[Start of Attachment]
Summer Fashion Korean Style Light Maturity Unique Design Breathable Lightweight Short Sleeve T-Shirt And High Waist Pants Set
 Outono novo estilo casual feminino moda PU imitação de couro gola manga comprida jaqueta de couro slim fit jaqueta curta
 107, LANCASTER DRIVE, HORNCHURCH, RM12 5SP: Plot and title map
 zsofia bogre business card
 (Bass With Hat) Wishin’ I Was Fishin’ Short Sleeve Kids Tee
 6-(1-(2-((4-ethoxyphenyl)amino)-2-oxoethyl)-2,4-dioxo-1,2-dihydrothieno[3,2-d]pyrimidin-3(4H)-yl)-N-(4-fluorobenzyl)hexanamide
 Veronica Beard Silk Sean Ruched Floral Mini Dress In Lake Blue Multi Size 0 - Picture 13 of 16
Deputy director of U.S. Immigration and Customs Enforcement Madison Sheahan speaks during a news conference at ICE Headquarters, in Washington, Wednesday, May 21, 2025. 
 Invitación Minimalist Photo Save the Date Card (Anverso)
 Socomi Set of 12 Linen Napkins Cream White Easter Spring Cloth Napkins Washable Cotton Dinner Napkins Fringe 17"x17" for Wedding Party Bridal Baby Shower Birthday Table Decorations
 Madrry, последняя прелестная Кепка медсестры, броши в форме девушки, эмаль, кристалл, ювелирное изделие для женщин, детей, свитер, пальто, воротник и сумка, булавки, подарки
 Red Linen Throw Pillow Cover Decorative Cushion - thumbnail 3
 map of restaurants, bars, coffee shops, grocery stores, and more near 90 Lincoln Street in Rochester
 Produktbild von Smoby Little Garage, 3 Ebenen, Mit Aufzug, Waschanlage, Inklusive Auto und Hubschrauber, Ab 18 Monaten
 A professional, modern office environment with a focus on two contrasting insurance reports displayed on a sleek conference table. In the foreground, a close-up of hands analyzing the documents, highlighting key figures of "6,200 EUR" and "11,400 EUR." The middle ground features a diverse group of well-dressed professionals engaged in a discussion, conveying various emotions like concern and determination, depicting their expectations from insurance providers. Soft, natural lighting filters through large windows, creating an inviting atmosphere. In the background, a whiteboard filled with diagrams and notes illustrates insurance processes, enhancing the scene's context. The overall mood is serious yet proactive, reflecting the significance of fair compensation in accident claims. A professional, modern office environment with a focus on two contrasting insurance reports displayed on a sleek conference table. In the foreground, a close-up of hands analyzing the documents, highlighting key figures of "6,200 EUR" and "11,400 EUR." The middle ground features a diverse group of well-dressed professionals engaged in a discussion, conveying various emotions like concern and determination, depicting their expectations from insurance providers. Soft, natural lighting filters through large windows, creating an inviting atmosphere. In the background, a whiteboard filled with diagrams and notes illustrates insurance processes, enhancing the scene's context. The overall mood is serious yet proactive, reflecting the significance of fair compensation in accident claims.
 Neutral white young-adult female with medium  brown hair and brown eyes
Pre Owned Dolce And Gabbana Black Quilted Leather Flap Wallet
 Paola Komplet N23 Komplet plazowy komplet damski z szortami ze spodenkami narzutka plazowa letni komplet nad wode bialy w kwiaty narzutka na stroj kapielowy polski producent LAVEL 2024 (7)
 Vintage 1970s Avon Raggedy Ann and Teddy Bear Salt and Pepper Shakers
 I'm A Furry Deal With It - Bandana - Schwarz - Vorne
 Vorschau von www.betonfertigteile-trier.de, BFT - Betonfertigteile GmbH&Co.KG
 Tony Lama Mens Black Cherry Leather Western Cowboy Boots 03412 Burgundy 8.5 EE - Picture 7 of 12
[End of Attachment]
*Exercise goal*: Return verbatim each line from the one that mentions "Vintage 1970s Avon" to the end of the entries, inclusive.

*Solution to this task*:
 Vintage 1970s Avon Raggedy Ann and Teddy Bear Salt and Pepper Shakers
 I'm A Furry Deal With It - Bandana - Schwarz - Vorne
 Vorschau von www.betonfertigteile-trier.de, BFT - Betonfertigteile GmbH&Co.KG
 Tony Lama Mens Black Cherry Leather Western Cowboy Boots 03412 Burgundy 8.5 EE - Picture 7 of 12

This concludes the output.